DHQ: Digital Humanities Quarterly
2009
Volume 3 Number 2
Volume 3 Number 2
Text Minding: “A Response to Gender, Race, and Nationality in Black Drama, 1850-2000: Mining Differences in Language Use in Authors and their Characters”
Abstract
A response to the Data Mining cluster, exploring the role of machine learning in textual study.
Head of the first division
Should he find his way to this special issue of DHQ,
Sven Birkerts, author of The Gutenberg Elegies, would
likely add machine learning to his cataract of digital distractions besetting
literary reading in the electronic age. He would agree with the authors of “Gender, Race, and Nationality in Black Drama, 1850-2000,” I
presume, only when they conclude their discussion of the performance of algorithms in
generating feature lists that successfully distinguish American and non-American
playwrights in the Black Drama database, and anticipate the objection, “that the task itself is a trivial case, attempting to
confirm a distinction that is all too obvious to be of significant literary
interest.” The depth of literary meaning, Birkerts would assert, cannot be
mined by machines trained for data. I don’t share Birkerts’ vision that literary
reading and new media technologies are mutually exclusive. He comes to mind upon
reading these experiments in text mining, rather, as a way to illuminate what I think
the significant literary interest of machine learning can and should be for humanists
and literary critics. That interest, to put it simply before elaborating a bit
further in this response, is a renewed and more robust understanding of the
textuality, the principal object (if not subject) of our studies, that many critics
(and print-centric critics like Birkerts among them) too frequently take for
granted.
The basis for such renewed critical potential is evident when the authors frame their
experiments in machine learning as a complement, rather than supplement, to
traditional text analysis. In summarizing the performance of text mining with regard
to gender classification of characters within the drama database, the authors
emphasize this complementarity in asserting, “The
degree to which these lists reveal true differences among black American male and
female authors is a matter for discussion. The important thing is that the mining
algorithm gives fuel to the discussion and serves as a starting point for closer
textual study.” Machine learning, on this view, is a tool for closer
textual study, a staple of literary criticism; this tool is particularly rich in its
potential to identify meaningful patterns across increasingly greater amounts (and
distances) of texts. The authors are justifiably circumspect in worrying about the
ways in which such a computational tool may distort the meanings of literary texts or
offer an analysis at too great a distance from such texts. Most interesting, to me,
is the worry that the binary logic necessary for computation may reveal binary
thinking in the texts, but with the result of unduly privileging the stereotypical
force of such patterns.
I offer to this concern a three-fold response. First, we should worry such things;
but this concern, of course, is not limited to digital tools of analysis. As Jerome
McGann reminds literary critics in Radiant Textuality,
all of our critical tools of analysis are and always have been “prostheses for acting at a distance,” the same “distance that makes reflection
possible”
[McGann 2001, 103]. Second, in view of this understanding of interpretation as a dynamic between
tools and texts, always oscillating between method and meaning, I would suggest that
the self-awareness of this critical problem made evident in “Mining Differences” is not just a credit to the article; this greater
attention to the mediations of critical method is enhanced by the mediation of the
machine. The point is that the texts we study, whatever the substrate, are already
mediating technologies, compilations of linguistic and printing and picture-making
machines. Textual technologies such as the machine learning and text mining software
at issue here, can and should, if used thoughtfully, offer insight into the
technologies of the texts we study. Katherine Hayles, emphasizing the need for
literary critics to pursue “media specific
analysis,” argues that digital media give us the opportunity “to see print with new eyes”

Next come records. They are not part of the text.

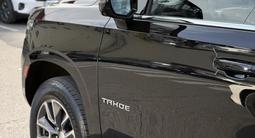 Chevrolet Tahoe 2022 года за 40 000 000 тг. в Шымкент – фото 4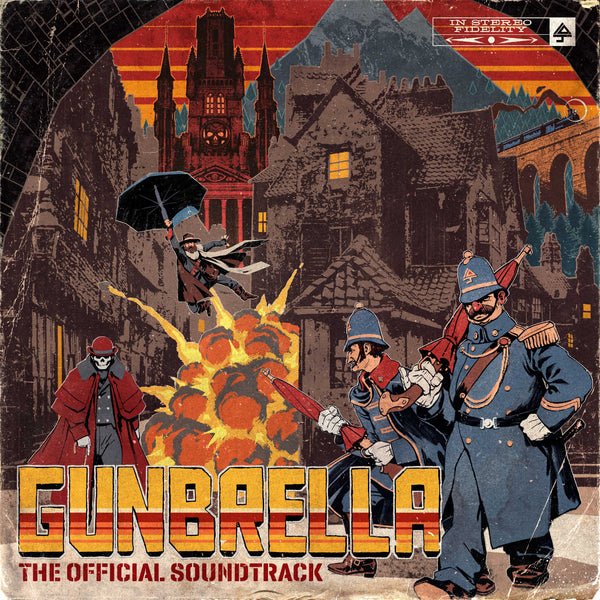 Gunbrella (Original Soundtrack)
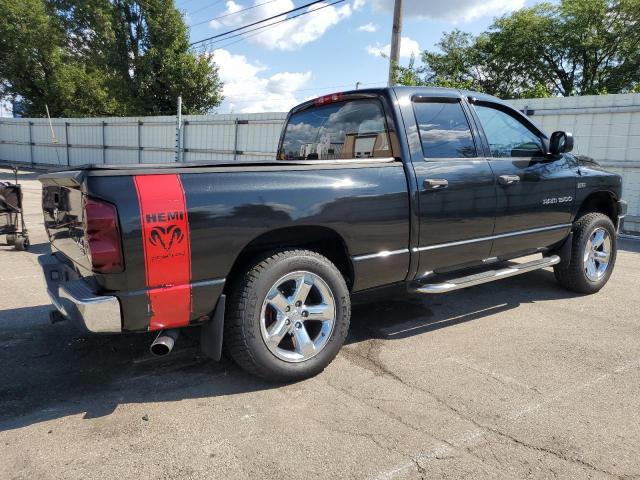 1D7HU18207S209312 - 2007 DODGE RAM 1500 ST 黑色 照片 3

[Hayles 2002, 33]. Birkerts could certainly take note; despite his title and his defense of the
book, there is very little Gutenberg in his de-materialized conception of
reading.
This closer understanding of text technology, it seems to me, might begin to address
the concern for binary opposition raised by the authors though not interrogated
further in the article. That limitation of the machine may well be the source of
literary insight. In his Figures in Black, the African
American literary theorist and scholar Henry Louis Gates, Jr. offers a compelling
analysis of how Frederick Douglass employs binary opposition in his first slave
narrative as a complex rhetorical device aimed at undermining, by way of revealing,
the binarity of language that slavery employs in its ontology of slaves versus men.

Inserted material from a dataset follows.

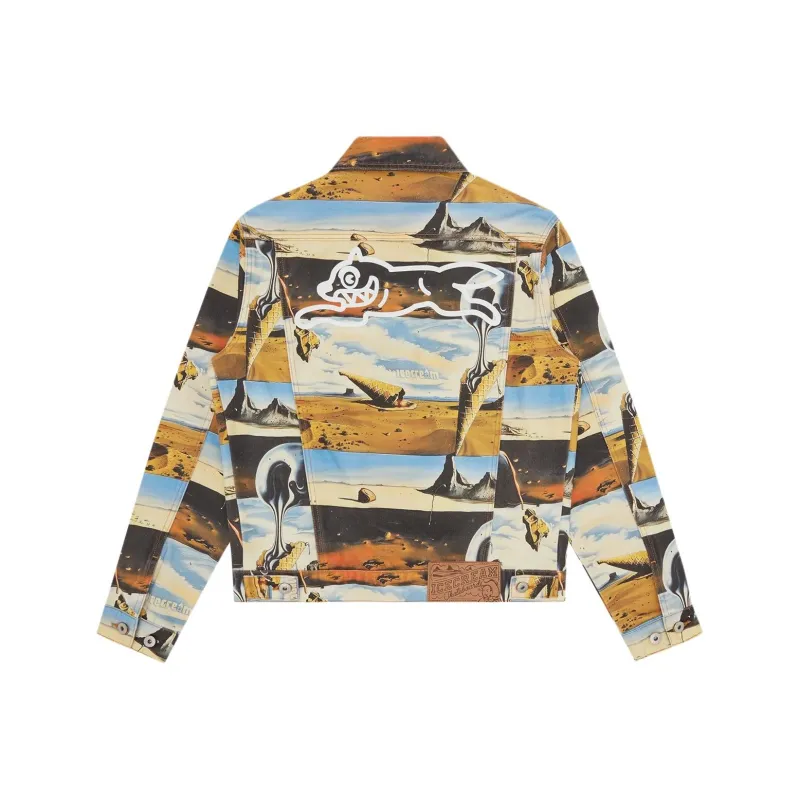 Ice Cream Jackets Unisex Multicolor-1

The critical insight is that the arbitrary and binary mechanics of language as such
can be appropriated and used differently by the author who knows how to operate and
deconstruct the literacy machine. Douglass thus mines the language of slavery and
race in his narratives in order to reveal a mind within the machine. The lesson is
that how we read and write does indeed determine what we read. For Douglass, the
interaction of medium and meaning drives the revisionary potential of his narrative;
we see the black author in print with new eyes. I see a similar insight into the
relation between ontology and textual technology suggested in “Mining Eighteenth Century Ontologies,” where the knowledge discovery of
machine learning locates its Enlightenment type in the knowledge discovery, ancestral
hypertext of the Encyclopedie. We shouldn’t be
surprised, I suspect, to find similar insights regarding the ontologies of race and
gender in the texts of black drama — a genre, after all, whose textuality is
inherently and complexly multimedia. Surprised or not, the suggestive patterning of
textuality that machine learning can reveal, combined with the critical
self-awareness that the humanities seeks, represents a significant means for this
critical discussion to move forward.
Works Cited
Birkerts 1994 Birkerts, Sven.
The Gutenberg Elegies: The Fate of Reading in an Electronic
Age. New York: Faber and Faber, 1994.
Gates 1987 Gates, Henry Louis, Jr.
Figures in Black: Words, Signs, and the “Racial”
Self. New York: Oxford University Press, 1987.
Hayles 2002 Hayles, N. Katherine.
Writing Machines. Cambridge: MIT, 2002.
McGann 2001 McGann, Jerome. Radiant Textuality: Literature after the World Wide Web. New
York: Palgrave, 2001.